後半で驚愕の展開がある。それを私はこれほど見事に忘れていたなんて!
と思う一方、その驚愕の展開の「タネ」って、実はその程度。仕掛けはあくまで仕掛けでしかないのかもしれない。本質は…この映画が持ついちばん重要なことは、「タネ」じゃない。仕掛けは、それを仕掛ける(ことばのとおり)ための文構(文章構造。ストーリーの構造。)でしかない。
映画には2人のメインキャスト。エドワード・ノートン演じる主人公(エンド・クレジットでは「Narrator」。語り手)と、ブラッド・ピット演じるタイラー・ダーデン。
2人は協働するが、いっぽうでハチャメチャなタイラーに振り回されたり取り残されたり、現実(と思っていたことを)覆されたりする主人公。この2人はウラオモテだ。ときに、社会のなかで別々の人格としてどこかにいそうな2人。それでいて、決してどこにもいない2人。
主人公たちは何と闘った(戦った)か。時代は現代。戦争も恐慌もない(いや、正確には「ある」かもしれないが)。
主人公とタイラーの闘い? 実際に2人が殴り合うシーンもある。出会って間もない時期と、エンディング付近。
社会構造との闘い? タイラーはそれをことごとく利用し、もてあそび、ブチ壊し、邪悪なものをがれきの上に構築する。ときにその行き過ぎ(?)に主人公は眉をひそめる。それでいてやっぱり、ときに2人は協働している。
男どもがバーの地下に秘密で集まり、殴り合う。それだけの会が「ファイト・クラブ」。このムーブメントは「秘密」がお約束。それしては、次第に広まる。複数の支部を持つようになり、全国的な展開にまでなる。みな、「闘いたい」のだろうか。顔面の傷が彼らがお互いを秘密のメンバーであると認識するトレードマークにもなる。ときに、青タンをつくってワイシャツを着て働く登場人物。

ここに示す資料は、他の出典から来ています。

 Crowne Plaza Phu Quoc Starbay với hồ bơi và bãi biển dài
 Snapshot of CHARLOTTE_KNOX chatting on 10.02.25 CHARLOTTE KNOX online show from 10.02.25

驚愕の展開の後半、そして大円団(!)のエンディングにクロスするのはPixies『Where Is My Mind?』。イントロのフワフワした歪んだエレキギターリフが美しい映像と高め合う。破滅的なラストだけれど美しいと思うのは、私もどこかオカシイのだろうか。
どこまでもリアルで切実、それでいて虚構のエンターテイメント。ひょっとすると「嘘」が美しいのか。
物語の冒頭で主人公は種々の「患者の会」に参加する。主人公に彼らのような病気は実際にはない。身分を偽って参加し、泣き合って抱き合ってすっとする。ここに主人公の己への偽りがある。
地下で男どもが殴り合うファイト・クラブは一種のファン、信者をも生む。彼らはタイラーたちのもとを訪ねてきて、「入門」を願う。次第に人数は増えていき、主人公いわく「タイラー惑星」ができあがる。そこには物語の冒頭で主人公が参加した「患者の会」で出会った偽りの友人(ただの知人だが)の姿もあった。
この友人はボブという。彼はタイラー惑星の暗躍(例えば都市に設置された、巨大な球体のオブジェ。これを爆破して転がし、階段状のスロープ下のカフェに突っ込ませる犯罪)に加担して、警察に銃殺される。タイラー惑星の「暗躍」は明るみに出始めていたのだ。「警察にマークされていた」のかもしれない。ボブは作中で唯一の死者だ。タイラー下のハチャメチャ、危険なシーンはほかにもたくさんあるけれど、意外に死者は他にはいない。強いて言えば…いや、映画を観てほしい。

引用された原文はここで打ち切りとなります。